Sift Down, Not Sift Up
Heapify uses sift down from internal nodes, not sift up. Using sift up from index 0 would give O(n log n). The key insight is that sifting down from leaves is cheap (short paths), and most nodes are leaves.
Complete Heapify Implementation
fn heapify_max(arr: &mut [i32]) {
// Convert array to max-heap in-place
let n = arr.len();
// Start from last non-leaf and go up
for i in (0..n / 2).rev() {
sift_down_max(arr, i, n);
}
}
fn sift_down_max(arr: &mut [i32], mut i: usize, n: usize) {
// Sift down for max-heap
loop {
let mut largest = i;
let left = 2 * i + 1;
let right = 2 * i + 2;
if left < n && arr[left] > arr[largest] {
largest = left;
}
if right < n && arr[right] > arr[largest] {
largest = right;
}
if largest == i {
break;
}
arr.swap(i, largest);
i = largest;
}
}
// Usage
fn main() {
let mut arr = vec![4, 10, 3, 5, 1, 7, 8];
heapify_max(&mut arr);
println!("{:?}", arr); // [10, 5, 8, 4, 1, 7, 3]
}
For min-heap:
fn heapify_min(arr: &mut [i32]) {
let n = arr.len();
for i in (0..n / 2).rev() {
sift_down_min(arr, i, n);
}
}
fn sift_down_min(arr: &mut [i32], mut i: usize, n: usize) {
loop {
let mut smallest = i;
let left = 2 * i + 1;
let right = 2 * i + 2;
if left < n && arr[left] < arr[smallest] {
smallest = left;
}
if right < n && arr[right] < arr[smallest] {
smallest = right;
}
if smallest == i {
break;
}
arr.swap(i, smallest);
i = smallest;
}
}
Rust's from_iter for BinaryHeap
use std::collections::BinaryHeap;
let arr = vec![4, 10, 3, 5, 1, 7, 8];
let heap: BinaryHeap<_> = arr.into_iter().collect(); // Creates a max-heap
let sorted: Vec<_> = heap.into_sorted_vec();
println!("{:?}", sorted); // [1, 3, 4, 5, 7, 8, 10]
Heap Sort
Heapify enables an elegant sorting algorithm:
fn heap_sort(arr: &mut [i32]) {
let n = arr.len();
// Build max-heap
for i in (0..n / 2).rev() {
sift_down_max(arr, i, n);
}
// Extract elements one by one
for i in (1..n).rev() {
// Move current root to end
arr.swap(0, i);
// Sift down on reduced heap
sift_down_max(arr, 0, i);
}
}
fn main() {
let mut arr = vec![4, 10, 3, 5, 1, 7, 8];
heap_sort(&mut arr);
println!("{:?}", arr); // [1, 3, 4, 5, 7, 8, 10]
}
Heap Sort Complexity:
- Time: O(n log n) - heapify O(n) + n extractions O(n log n)
- Space: O(1) - in-place
- Not stable
Heap sort visualization:
Initial: [4, 10, 3, 5, 1, 7, 8]
After heapify (max-heap):
[10, 5, 8, 4, 1, 7, 3]
Extraction steps:
1. Swap 10 with 3, sift down: [8, 5, 7, 4, 1, 3, |10]

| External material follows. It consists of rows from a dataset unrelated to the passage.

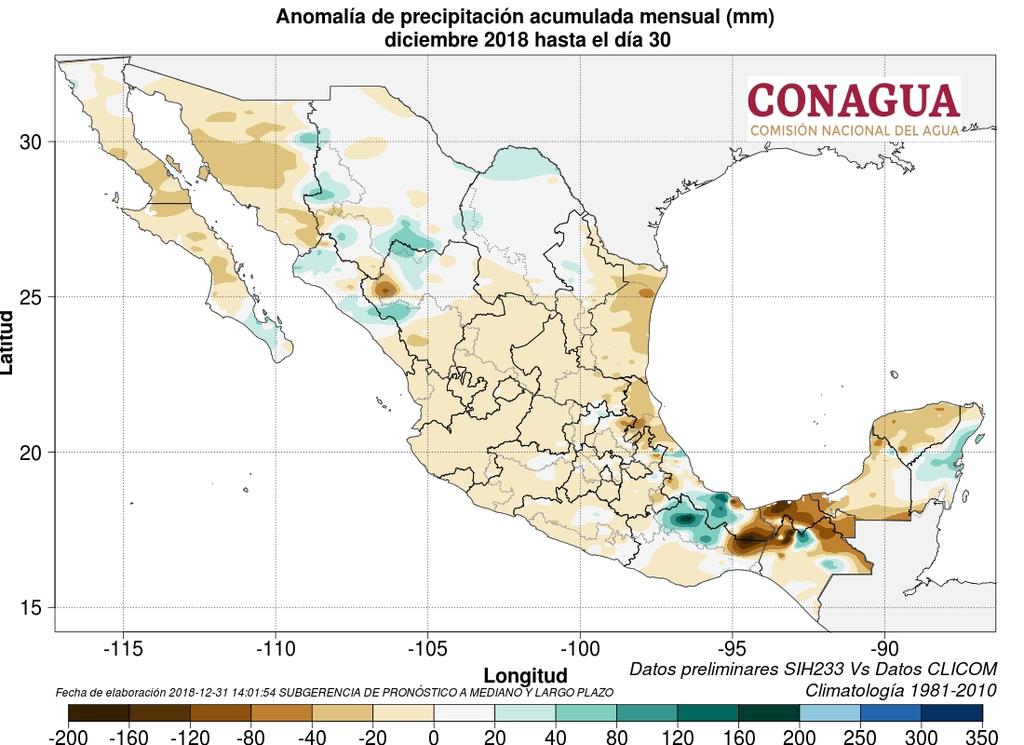 Precipitación y su anomalía registrada acumulada en lo que va del año 2018 en mm Temperaturas: análisis y pronóstico (mapas de modelos numéricos) (por localidad). T.Máx. en C: 38.
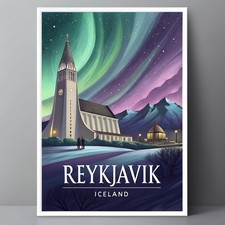 Listing image for Majestic Reykjavik Iceland Travel Poster - Northern Lights Art Print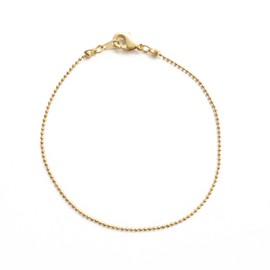 Honeycat 18k Gold Plated Thin Ball Chain Plain Bracelet | Minimalist, Delicate Jewelry (G)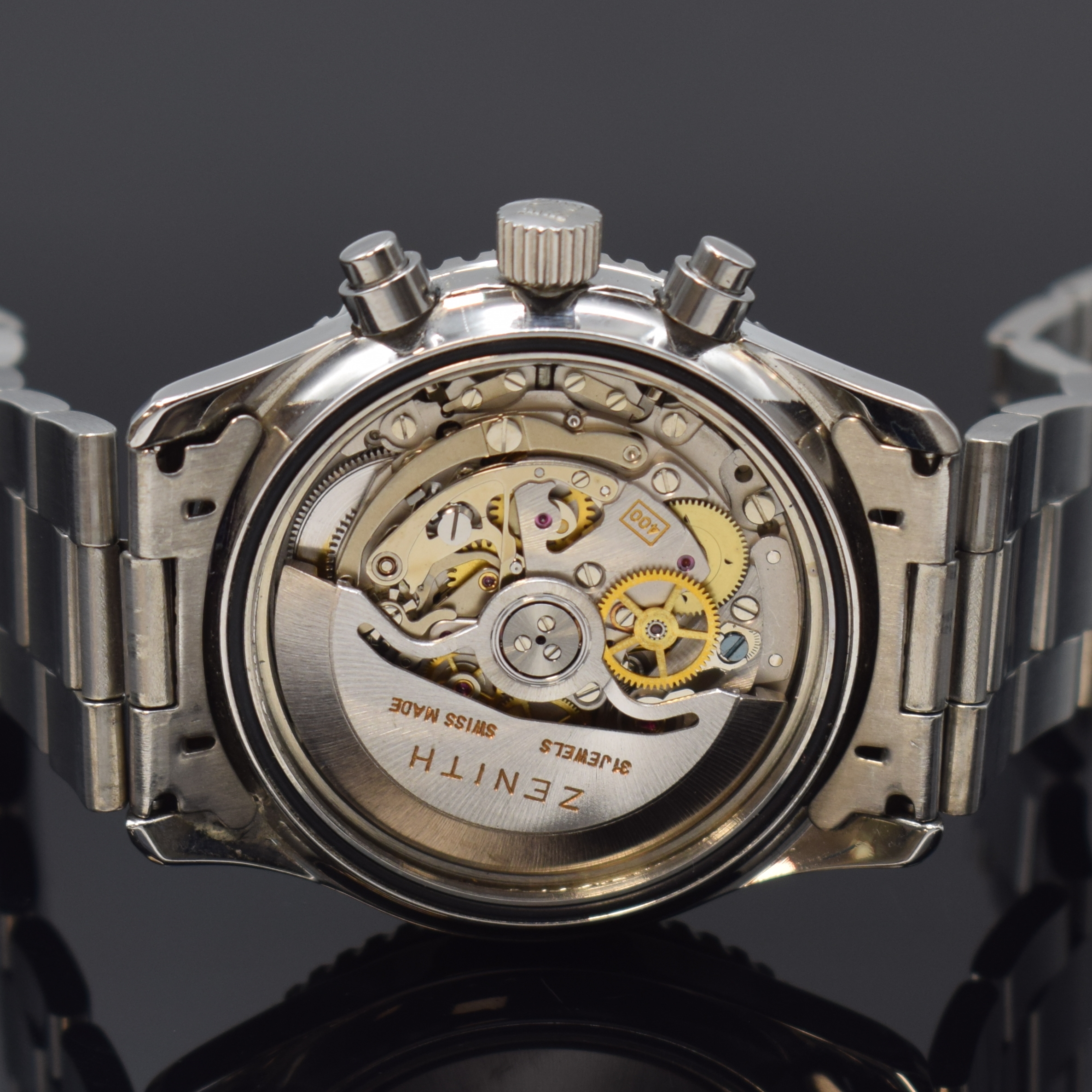 Detail e: ZENITH Schaltradchronograph De Luca Referenz 02.1310.400, Automatik, Schweiz um 1992, Edelstahlgeh. inkl. orig. Gliederband m. Faltschl. und ...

2. Swap 8 with 3, sift down: [7, 5, 3, 4, 1, |8, 10]
3. Swap 7 with 1, sift down: [5, 4, 3, 1, |7, 8, 10]
4. Swap 5 with 1, sift down: [4, 1, 3, |5, 7, 8, 10]
5. Swap 4 with 3, sift down: [3, 1, |4, 5, 7, 8, 10]

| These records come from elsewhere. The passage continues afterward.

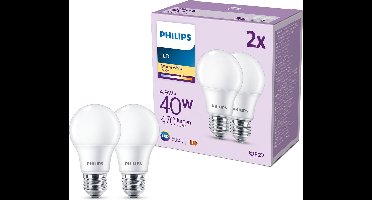 Philips LED Lamp Mat - 40 W - E27 - Warmwit licht - 2 stuks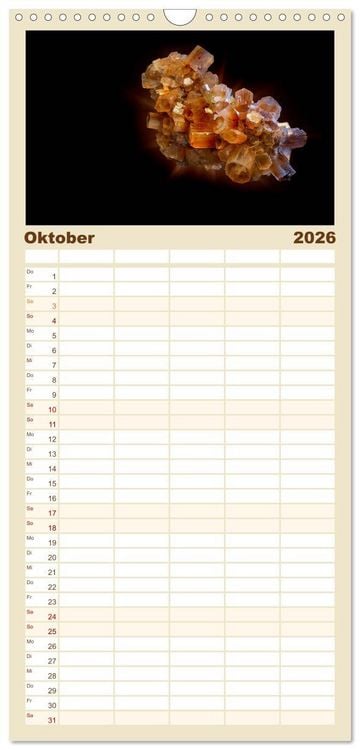 Produktbild: Familienplaner 2026 - MINERALIEN designed by nature mit 5 Spalten (Wandkalender, 21 x 45 cm) CALVENDO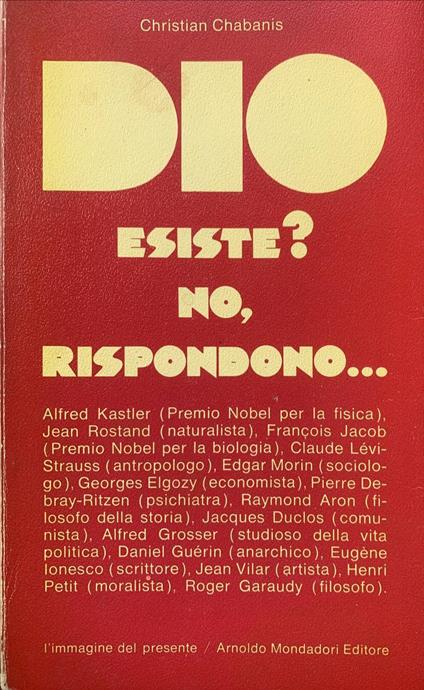 Dio esiste? No, rispondono.. - Christian Chabanis - copertina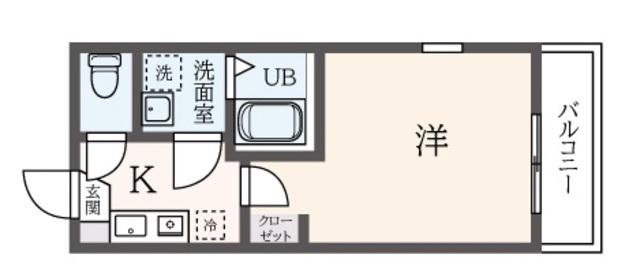 RUHE蒔田(1K/2階)の間取り写真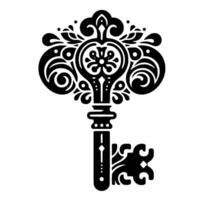 Intricate Black and White Vintage Key with Decorative Ornaments and Floral Details on a White Backdrop vector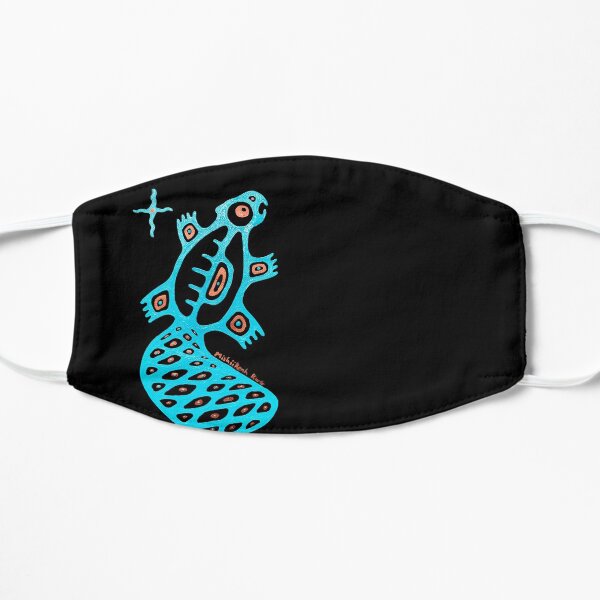 Teal beaver Flat Mask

6. Swap 3 with 1, sift down: [1, |3, 4, 5, 7, 8, 10]
Sorted!
nlargest and nsmallest
Rust can use BinaryHeap for efficient top-k operations:
use std::collections::BinaryHeap;
use std::cmp::Reverse;
fn nlargest(arr: &[i32], k: usize) -> Vec<i32> {
let mut heap = BinaryHeap::from(arr.to_vec());
(0..k).filter_map(|_| heap.pop()).collect()
}
fn nsmallest(arr: &[i32], k: usize) -> Vec<i32> {
let mut heap: BinaryHeap<_> = arr.iter().map(|&x| Reverse(x)).collect();
(0..k).filter_map(|_| heap.pop()).map(|Reverse(x)| x).collect()
}
fn main() {
let arr = vec![4, 10, 3, 5, 1, 7, 8, 2, 9, 6];
println!("{:?}", nlargest(&arr, 3)); // [10, 9, 8]
println!("{:?}", nsmallest(&arr, 3)); // [1, 2, 3]
}
Time Complexity:
- For k << n: O(n + k log n) using heapify + k extractions
- More efficient than sorting when k is small
Comparison of Building Methods
| Method | Time | When to Use | |--------|------|-------------| | Repeated insertion | O(n log n) | When elements arrive one by one | | Heapify | O(n) | When you have all elements upfront |
Applications of Heapify
- Heap Sort: Build heap, then extract all elements
- Top-K Elements: Heapify then extract k times
- Priority Queue Initialization: Build from existing data
- Median Finding: Using two heaps
- K-way Merge: Initial heap from k lists
Key Takeaways
- Heapify converts an array to a heap in O(n) time
- Start from the last non-leaf node and sift down
- Most nodes are near leaves, so most sifts are short
- Heapify is the foundation of heap sort
- In-place operation — no extra space needed
- Rust's
BinaryHeap::from()or.collect()does this for max-heaps
The O(n) heapify is a beautiful result in algorithm analysis. Understanding why it's linear (most work happens on short paths near leaves) deepens your understanding of algorithm complexity.